I have been doing some research in the area of Old West bordellos and found this interesting book, set a little after the Old West (in the twentieth century), but the practices are similar and the rural townships are similar, it was still worthwhile to read.

Mildred Clark Cusey lived from the 1920's - 1970's periods. She was also known as Silver City Millie.

Mildred started her career as a Harvey Girl waitress on the Santa Fe Railroad line. This was a "prestigous" gig in those days.

A lot of people wonder why a woman would turn to prostitution if there were other opportunities to make money (cooking, washing, etc). Take a look at these stats and you can see that a woman could become very wealthy:

In Virginia City, Nevada =, during the Washoe Rush, there were 2379 men and only 147 women. Another stat says in many booming areas, there were 7 men to every 1 woman.

Of course, the problem comes when soiled doves start heading to a place. Then there is too much competition and the prices go down.

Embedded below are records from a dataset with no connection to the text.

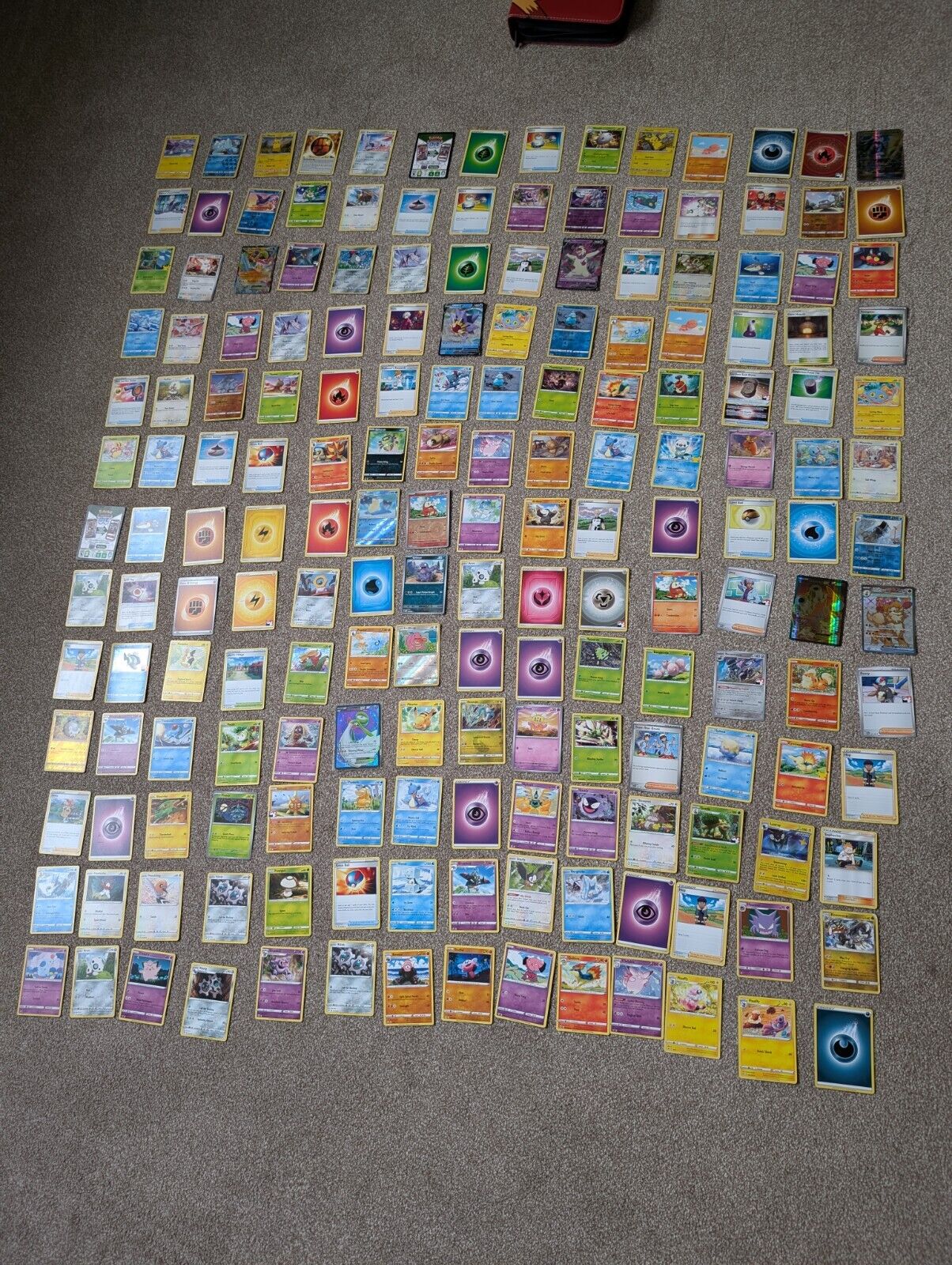 182 Pokemon Cards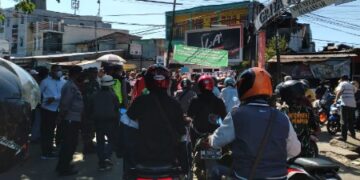 Pemuda Antang Gelar Aksi Tuntut Perbaikan Drainase dan Jalan Antang Raya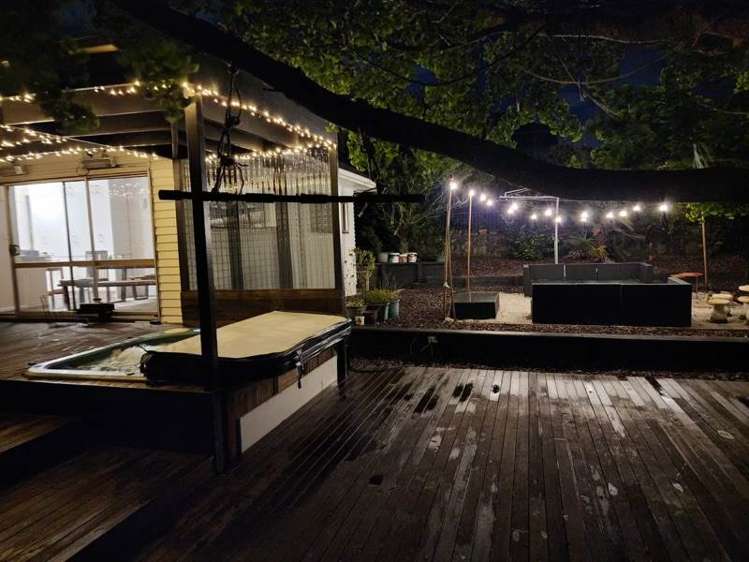 12a Beach Road Mellons Bay_23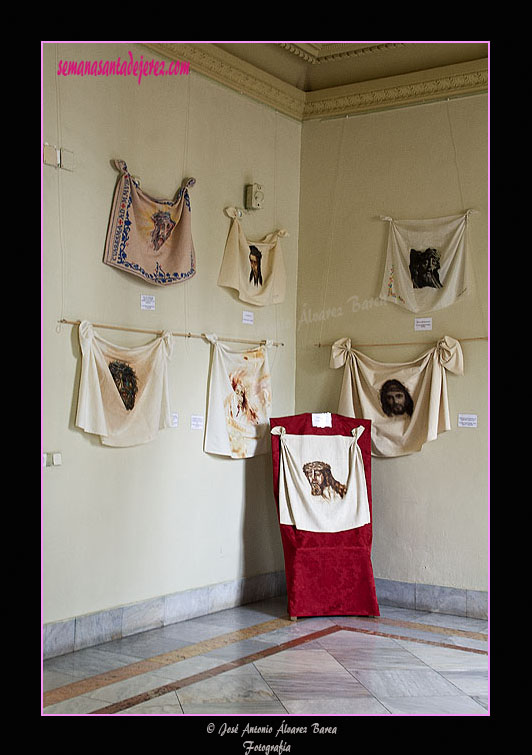 Exposición de paños de la Verónica de la Hermandad de la Candelaria (marzo 2011)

For example, in Cripple Creek, Colorado in the 1890's, there was a five mile stretch of "red light district" that featured every type of woman and race. In comstock, Nevada there were 307 prostitutes in 1875 (almost 10 percent were under 18 years old). Another example, Rawhide, Nevada's "Stingaree Gulch" stretched a quarter of a mile with over 500 women.

There was another side to prostitution - drugs. Laudanum (a derivative of opium) was readily available and girls often overdoesed. Suicide was also high among "fallen angles"

An interesting marketing technique performed by Jennie Rogers in Denver, she would take her girls on a coach ride through town to show what was available. Another marketing tool was full-length photographs of girls dressed in their best outfits and these cards were given to their favorite customers. For Mille, she would have a new girl walk a poodle downtown with a special hat to advertise she was available for business.

The term "Red Light District" came about from the red lantern railroaders hung outside the brothel so that the trainmaster could find them if needed (during the day or night).